As indicated in the ERGP, the minister pointed out that revenue mobilisation efforts would involve, among others, introducing measures to increase independent revenues from revenue generating agencies, as well as cutting out waste by intensifying current efforts to plug revenue leakages and inefficiencies in government spending.

“In the ERGP, the government has also committed itself to exploring options to generate additional revenues by the restructuring and privatisation of carefully selected public enterprises. But, most importantly, the ERGP states that we will be taking measures to expand our tax to GDP ratio from the current six per cent of GDP to at least 15 per cent of GDP. We are already working on these tax review initiatives.

“The immediate focus of this government is therefore on revenue enhancement. For the ERGP to achieve its intended results, we must be able to mobilise substantial increases in government revenues over the life of the Plan. Revenue mobilisation is therefore our number one priority,” he said.

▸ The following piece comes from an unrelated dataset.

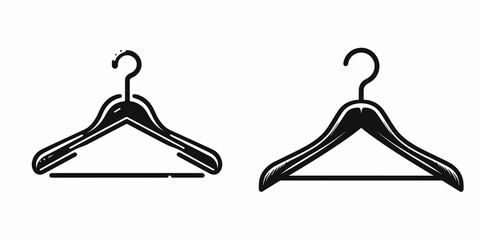Clothes Hanger. Furniture Interior Decoration Cartoon Animal Clipart Line Art Vector Illustration. Garment support hook closet storage device for attire and wardrobe item.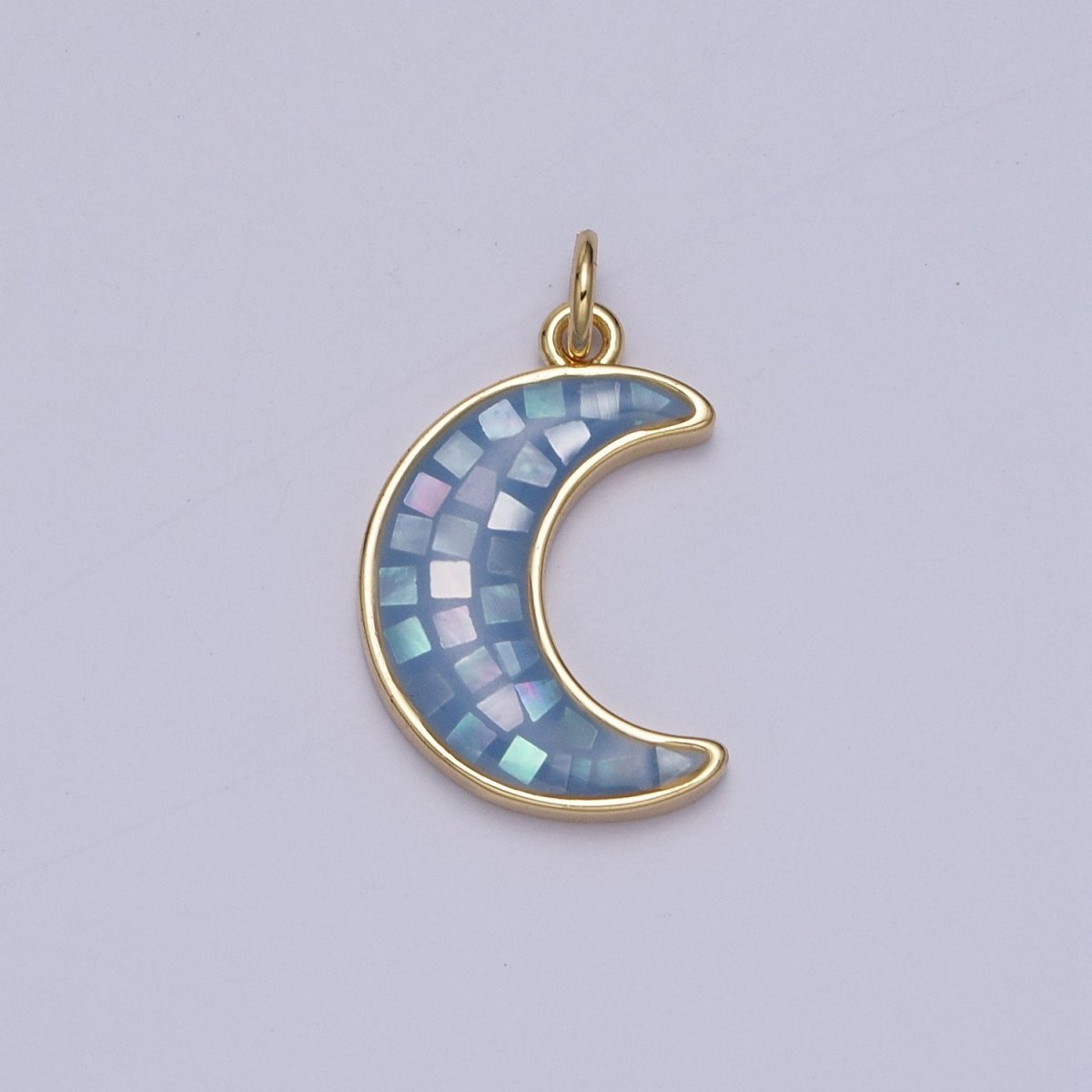 Blue, White, Pink, Purple, Green, Light Blue Opal Celestial Crescent Moon Gold Charm For Jewelry Making AG-030~AG-035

Udoma stated that the administration was pursuing a path that will move Nigeria away from a jobless growth driven mainly by petroleum revenues to an inclusive and broad-based growth, adding that President Muhammadu Buhari had repeatedly emphasized that the ERGP is this government’s “blueprint aimed at building a new Nigeria where we grow what we eat, consume what we make and produce what we use.”

“Ladies and gentlemen, I must say that this administration is very encouraged by the positive feedback we have been receiving on the ERGP. We thank Nigerians for all the words of encouragement. Also, internationally, the ERGP has been well received. I have just returned from a visit to the United States of America, during which I attended the World Bank/ IMF Spring meetings.
“Most of the comments we received there were very encouraging.

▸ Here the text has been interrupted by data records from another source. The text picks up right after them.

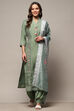 Green Silk Blend Unstitched Suit Set image number 8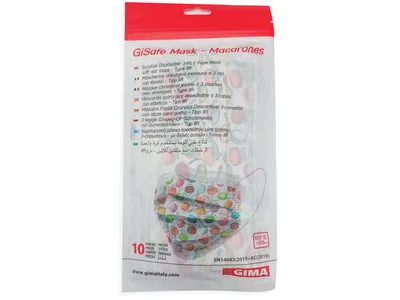 Mască chirurgicală GISAFE 98% cu filtraj tip IIR cu elastic - adult - macarones - flowpack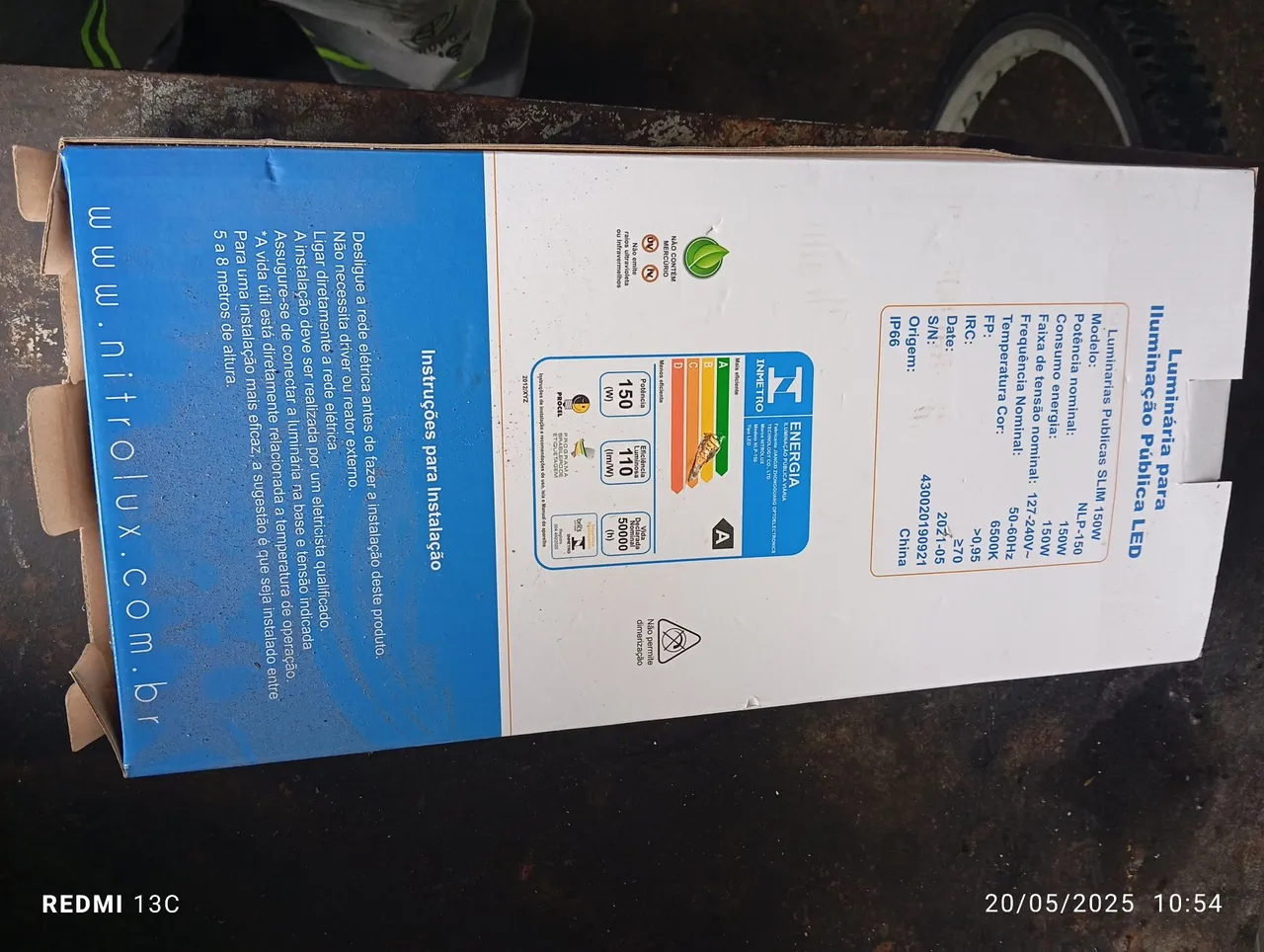 Luminária Pública LED SLIM 150W - Nova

However, we cannot enjoy the benefits of the ERGP unless it is effectively and faithfully implemented. Ladies and gentlemen, I must admit that as a country, our track record on implementation of our plans has not been very good. Conscious of this, the ERGP has dedicated a section, Section 7, to implementation. Just a reminder of what it says.

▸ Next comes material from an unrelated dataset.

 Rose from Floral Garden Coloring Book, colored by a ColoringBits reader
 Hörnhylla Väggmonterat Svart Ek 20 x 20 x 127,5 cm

“Firstly, we must focus on our priorities. Secondly, we must establish clear accountability. Thirdly, we must set targets and develop detailed action plans. Fourthly, we must mobilise and allocate resources to the priorities. Fifthly, we must create an enabling policy and regulatory environment. And, finally, we must set up delivery unit, or units, to monitor and drive progress,” he said.
Udoma disclosed that the process of developing a detailed implementation road-map had already commenced, adding that this will lay out the roadmap for a step by step delivery of each of the strategies.

“Each strategy will be further broken down into component activities, sub-activities and actions. Each action will be supported by clearly assigned responsibilities, which will be sequenced against clear milestones and timelines for ease of monitoring. We have also commenced the process of establishing a Delivery Unit, as well as Implementation Units, to facilitate the effective implementation of the plan. This is to be complemented with the establishment of special task forces on the key execution areas of the plan,” he stressed.
Speaking on why consultations and dialogue with stakeholders was necessary, he said: “Before we go too far down the implementation road, we felt that we should gather experts and stakeholders for further consultations. As a government, we believe that we can only succeed in transforming Nigeria if we work closely with stakeholders.

“This is the first of many consultative processes we will be holding on plan implementation, as well as to get feedback from stakeholders. Just as the ERGP was developed through an extensive consultative process to ensure collective ownership, plan implementation will involve constant and continuous dialogue and consultations with relevant stakeholders. Today’s gathering is therefore the first of many dialogue sessions this ministry, and indeed, the government, as a whole, will be conducting to obtain citizens’ participation in the collective endeavor of transforming Nigeria,” Udoma stated.